Landbouwers hebben recht op eerlijke handelsrelaties, net als de leveranciers in de verwerkende industrie en elke schakel daaropvolgend. Zowel de vele kmo’s als de grotere multinationale bedrijven kunnen onder druk staan van grotere klanten en voelen de impact van zo’n oneerlijke handelspraktijken: oneerlijk is oneerlijk. Elke bedrijf, klein en groot, verdient daarom een gelijke bescherming tegen onaanvaardbare praktijken zoals het eenzijdig, retroactief aanpassen van contracten.
Ketenoverleg in eigen land, aangevuld met Europese wetgeving
Zowel Fevia als het Agrofront pleiten ervoor om samen de taart groter te maken. Dat gebeurt idealiter vanuit een structurele dialoog binnen het Belgisch Ketenoverleg, met als basis de Code goede handelspraktijken. De ondertekenaars van die code engageren zich vrijwillig om eerlijke handelsrelaties te respecteren. Bij mogelijke geschillen over de correcte toepassing van de Code wordt gewerkt via een escalatieprocedure van opeenvolgende meer dwingende stappen.

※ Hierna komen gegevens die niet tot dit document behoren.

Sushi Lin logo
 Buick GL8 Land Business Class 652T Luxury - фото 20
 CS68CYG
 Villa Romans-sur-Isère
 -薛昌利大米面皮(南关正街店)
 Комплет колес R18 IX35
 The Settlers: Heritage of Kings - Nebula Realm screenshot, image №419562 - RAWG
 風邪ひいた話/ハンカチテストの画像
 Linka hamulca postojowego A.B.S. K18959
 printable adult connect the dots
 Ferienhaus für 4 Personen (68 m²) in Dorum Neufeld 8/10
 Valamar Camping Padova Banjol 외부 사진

Tegelijk blijkt dat handelsconflicten steeds vaker op internationaal niveau voorkomen. Het nationaal Ketenoverleg kan zo’n grensoverschrijdende handelspraktijken niet efficiënt aanpakken. Een coalitie van Europese federaties van landbouwers, van de voedingsindustrie en van NGO’s sloeg dan ook de handen in elkaar om samen te pleiten voor een Europees wetgevend kader dat elke schakel in de agro-voedingsketen de nodige bescherming biedt. Een level playing field voor alle actoren in de keten is de beste garantie op evenwichtige en eerlijke handelspraktijken voor iedereen.
Het Agrofront en Fevia steunen deze Europese aanpak maar dringen erop aan dat Europese regelgeving ruimte laat voor nationale initiatieven zoals de Belgische code goede handelspraktijken, die op vrijwillige basis dialoog en samenwerking stimuleren.